And so it’s a few days since Rory McIlroy failed to secure the US Open Title at Pinehurst.
And all the talk seems to be about how he will recover.
Or if he ever will recover!
Rory himself has said he will take time out before returning to defend his Scottish Open title in July.
So why have a couple of missed short putts caused such emotion amongst fans, critics and the player himself?
Well up to the final three holes at Pinehurst, Rory had made 496 putts inside three feet in succession this season.
In other words, at Pinehurst, he missed two putts he can make with his eyes closed.
But these two putts weren’t like any other he has holed in the phenomenal sequence.
These were basically putts to win The US Open.
Which you might think, shouldn’t be a problem to a four-time Major winner.
But when you have not win a Major since going wire to wire in 2014, somehow, maybe without you even realising it, the magnitude of a potential win and the pressure that brings becomes greater than your ability to absorb that pressure.
No one has warned you this might happen.
You haven’t mentally prepared for the fact that your desire, need, desperation to win might overwhelm the simplicity of your process.
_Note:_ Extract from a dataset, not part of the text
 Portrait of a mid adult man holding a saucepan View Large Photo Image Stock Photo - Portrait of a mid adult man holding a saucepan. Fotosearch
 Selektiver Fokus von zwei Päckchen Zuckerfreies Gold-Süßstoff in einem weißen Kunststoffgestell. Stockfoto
You only know once you know. And then it’s too late.
Well almost.
Because Rory’s miss at sixteen could have been a warning sigh. An alarm bell.
That told him he needed to release some pressure and reset his mind and emotions.
Probably the caddies job.
Look that might have happened.
But when he faced another three footer on eighteen, it became a sequence of compound misses.
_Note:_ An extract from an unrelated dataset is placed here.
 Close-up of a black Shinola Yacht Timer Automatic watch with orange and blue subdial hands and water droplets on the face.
Whatever happened on sixteen, repeated itself on eighteen.
The need to win built up over ten years, playing itself out In such a way that he’s had to take.a break from the game to process it all.
Process why the win was so important that it overwrote his process.
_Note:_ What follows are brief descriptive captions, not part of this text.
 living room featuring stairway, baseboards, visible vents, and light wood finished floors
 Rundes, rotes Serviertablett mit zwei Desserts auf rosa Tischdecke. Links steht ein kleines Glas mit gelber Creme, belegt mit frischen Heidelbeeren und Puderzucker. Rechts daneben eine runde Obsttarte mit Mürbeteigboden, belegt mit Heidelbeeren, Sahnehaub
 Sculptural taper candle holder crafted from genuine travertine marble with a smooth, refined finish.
You can’t always reduce the importance of your desire.
But you can always factor in how it might impact on your process and what to do about it.
Relearn how you compartmentalise it.
Place it somewhere in your imagery or feeling landscape that makes it safe, without reducing its power.
For this desire, if channelled into the rest of your process, can be a powerful force for success.
But left to its own devices. Unprocessed. Not separated. It can become a destructive force.
For maximum pressure applied inside a process that requires sweet sensitivity, leads to tension in the wrong place at the wrong time.
Those writing Rory off are premature.
For the lessons to be learnt here are accessible if you know what to look for.
Rory will be back in contention for a Major sometime soon. What will be interesting to see, is if he has re-constructed the formula for winning, whereby winning doesn’t become more important than the ‘how you win’.
It is always said, ‘let the winning come to you’.
Because if you go after the winning too hard, it’s too smart, fast and experienced to fall into your emotional traps!